Abrechnung - eHealth

Verordnungen über heimversorgende Apotheken - E-Rezept: Mehrfachverordnungen - ePA: Neues Infomaterial für Kinder und Jugendliche

29.07.2026

Verordnungen über heimversorgende Apotheken 


Die Arzneimittelversorgung wurde durch das Apothekenversorgungs-Weiterentwicklungsgesetz (ApoVWG) vereinfacht. Arztpraxen dürfen die entsprechenden Verordnungen sowie Zugangsdaten zur Einlösung von eRezepten jetzt direkt an die heimversorgende Apotheke weiterleiten. 

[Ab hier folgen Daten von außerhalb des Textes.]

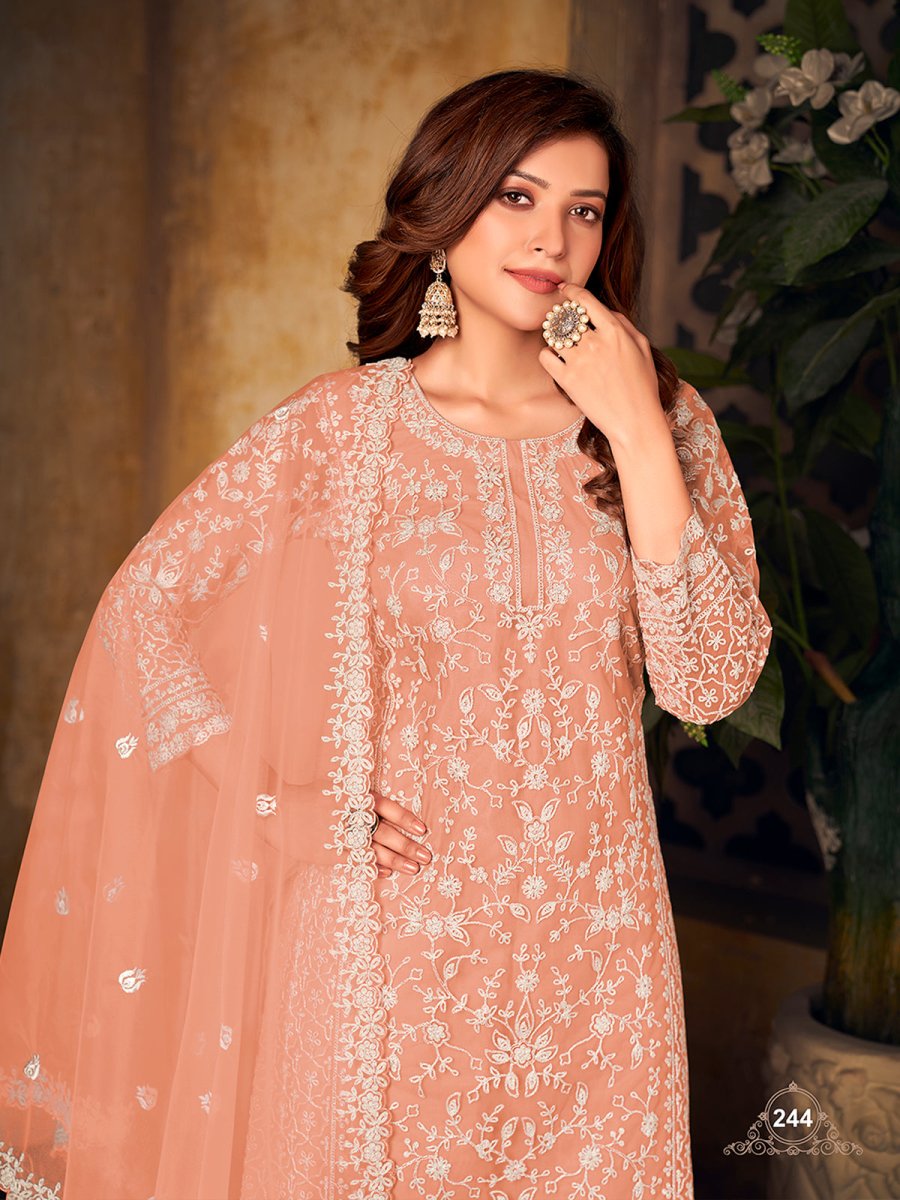 Peach Net Partywear Palazzo Suit - Inddus.com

Mit dem ApoVWG wurde eine Ausnahme vom Zuweisungsverbot geschaffen. Dadurch dürfen Arztpraxen Rezepte für Arzneimittel und apothekenpflichtige Medizinprodukte einer Apotheke zuweisen, die einen Heimversorgungsvertrag mit dem jeweiligen Heim geschlossen hat.

Diese Regelung ist bis Ende 2028 befristet. Ab Januar 2029 sollen alle Pflegeheime an den eRezept-Fachdienst angeschlossen werden, um für die Bewohner die Arzneimittelversorgung besser zu organisieren.

Wie ist der Ablauf?

Das Pflegeheim informiert die Arztpraxis, wenn ein verschreibungspflichtiges Medikament zur Neige geht.

Daraufhin verordnen die Arztpraxen das benötigte Arzneimittel und übermitteln den eRezept-Token zur Einlösung direkt an die heimversorgende Apotheke via E-Mail-Dienst KIM. Die Apotheke kann mit dem Token das eRezept vom eRezept-Fachdienst in der TI abrufen und dem Pflegeheim die per eRezept verschriebenen Medikamente liefern. 

Voraussetzungen

  • Heim und Apotheke haben einen Heimversorgungsvertrag (Paragraf 12a Apothekengesetz)
  • Die Apotheke hat mit der Arztpraxis eine Absprache getroffen

Sind diese Voraussetzungen erfüllt, dürfen Ärztinnen und Ärzte Arzneimittelverordnungen gesammelt und unmittelbar an die heimversorgende Apotheke übermitteln

Apothekenpflichtige Medizinprodukte sowie Heil- und Hilfsmittel können derzeit ausschließlich auf Muster 16 und nicht elektronisch verordnet werden.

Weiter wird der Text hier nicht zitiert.